I have a rooted dinc2 running cm7. I am not able to tether to my touchpad.

I looks like you cannot set up adhoc with the touchpad. And I do not know how to get the tether to appear as wifi.


----------



## jbrock98 (Jun 20, 2011)

i have the wireless tethering app, its the same app i used to use on my OGdroid i just open it up hit the tether button then go into settings and wifi on my touchpad and search for networks then Android Tether comes up and i hit it and it connects perfectly, and its fast too, unless i go into the den and the phone doesnt get as fast 3g but it still does work


----------



## z28 justin (Jul 11, 2011)

Root it and tether. Nice and easy


----------



## sgtguthrie (Jun 7, 2011)

You won't be able to tether without root unless you give your first born child to Verizon...lol!

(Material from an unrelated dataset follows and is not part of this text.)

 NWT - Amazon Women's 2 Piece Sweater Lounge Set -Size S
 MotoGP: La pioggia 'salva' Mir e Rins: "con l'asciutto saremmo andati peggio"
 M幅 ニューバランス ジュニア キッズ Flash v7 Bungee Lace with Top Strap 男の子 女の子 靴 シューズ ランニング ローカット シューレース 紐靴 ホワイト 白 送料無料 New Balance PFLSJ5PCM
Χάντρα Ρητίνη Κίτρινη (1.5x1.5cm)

sent via rooted THUNDERBOLT with Tapatalk


----------



## Inky (Aug 23, 2011)

I tethered my 32gb with my Samsung Galaxy S2 (which has been rooted from day one...why wouldn't you?) and it works great. Touchpad is overclocked to 1.7 I found 1.2 and even 1.5 quit slow and annoying.


----------



## SRGaudio (Aug 19, 2011)

my tp is pretty much constantly tethered to my phone when im not home... rooted. and have no prob tethering.


----------



## Cg006 (Aug 9, 2011)

Rooted HTC Thunderbolt + LTE WiFi Tether for Root users+Touch Pad= Money Shot


----------



## Byakushiki (Jul 15, 2011)

Tethered to a Droid 2 Global on CM, with an old version of wireless tether...Only because I was too tempted and had to set the Touchpad up.


----------



## fortesquieu (Jul 20, 2011)

Are you guys using wireless tether app? My touchpad doesn't seem to pick up the signal from my Droid Charge.


----------



## SyNiK4L (Jun 7, 2011)

md213 said:


> doesn't rooting your Android phone void the warranty?

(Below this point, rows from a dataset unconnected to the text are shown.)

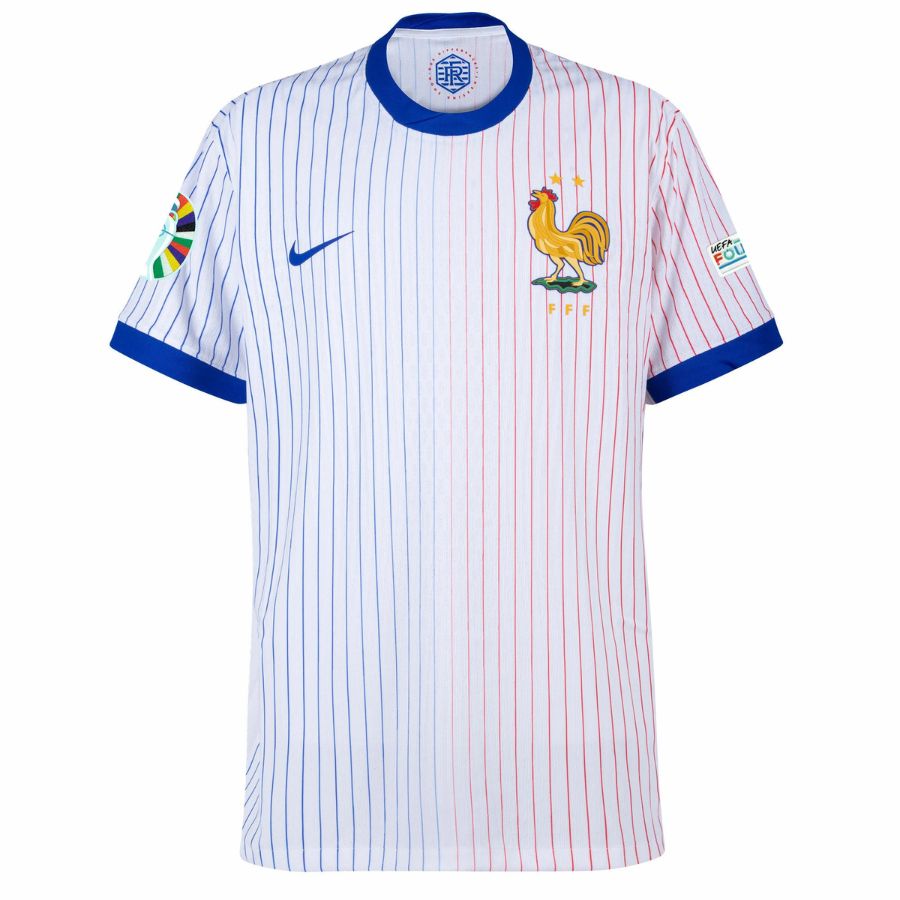 Maillot Equipe de France Exterieur Badges Euro 2024 Homme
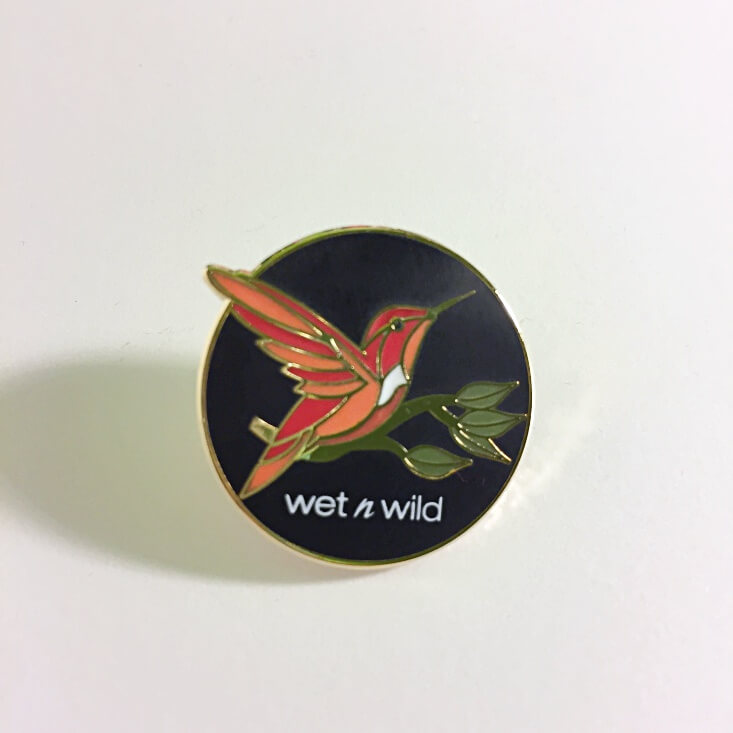 wet n wild Limited Edition Flights of Fancy collectible pin wet n wild Limited Edition Flights of Fancy collectible pin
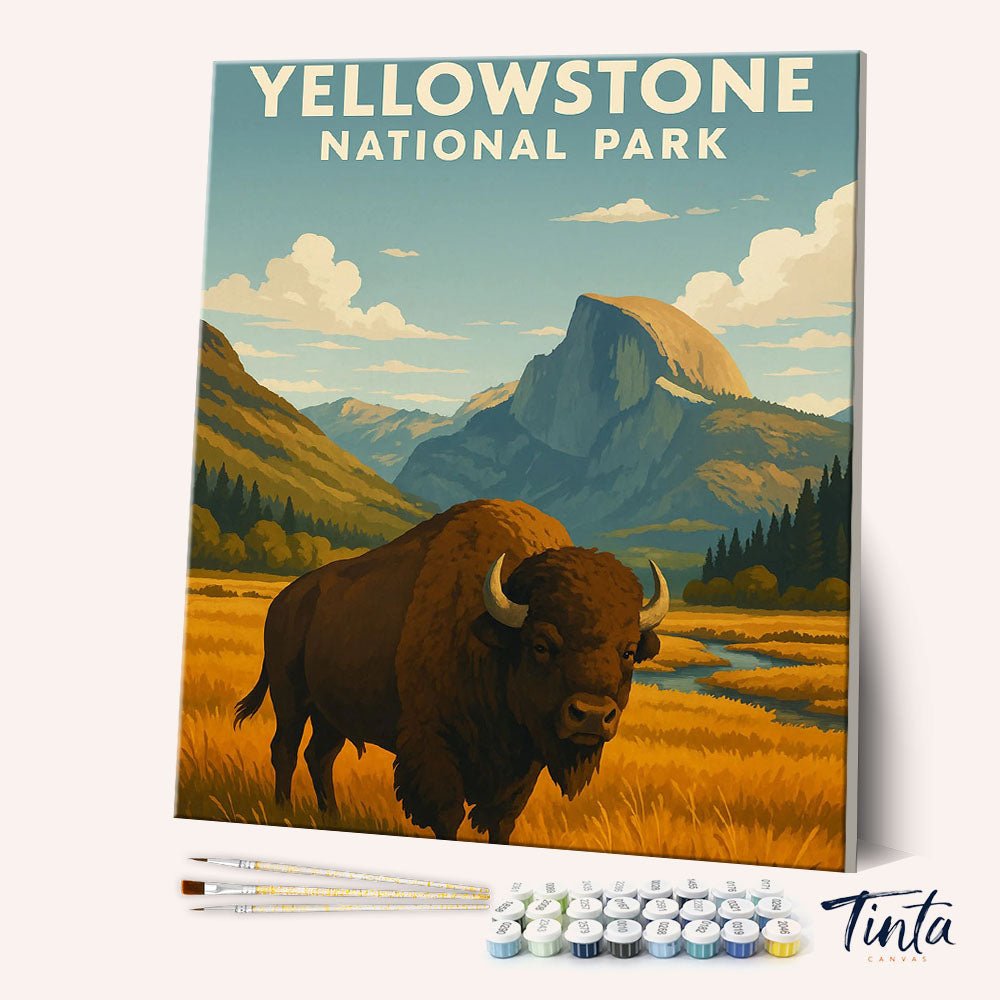 Yellowstone National Park paint by numbers kit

ur on an android hacking site....we all root our phones  but ya like he said up there u can always unroot. Iv rooted my 2 android phones iv had and have had them replaced a couple times....not for bricking them...but charger ports getting old and loose and stopped charging correctly


----------



## EricErK (Jun 8, 2011)

SyNiK4L said:


> ur on an android hacking site....we all root our phones  but ya like he said up there u can always unroot. Iv rooted my 2 android phones iv had and have had them replaced a couple times....not for bricking them...but charger ports getting old and loose and stopped charging correctly


The hell is this rooting? i replaced mine cuz i didn't like the scratches, the only one i brik'd was the x2 before sbf was out cuz moto's kinda dumb


----------



## thebowers (Jun 11, 2011)

Trying to use tether to activate my TP, but it doesn't see the wireless network. Any suggestions?


----------



## jbrock98 (Jun 20, 2011)

thebowers said:


> Trying to use tether to activate my TP, but it doesn't see the wireless network. Any suggestions?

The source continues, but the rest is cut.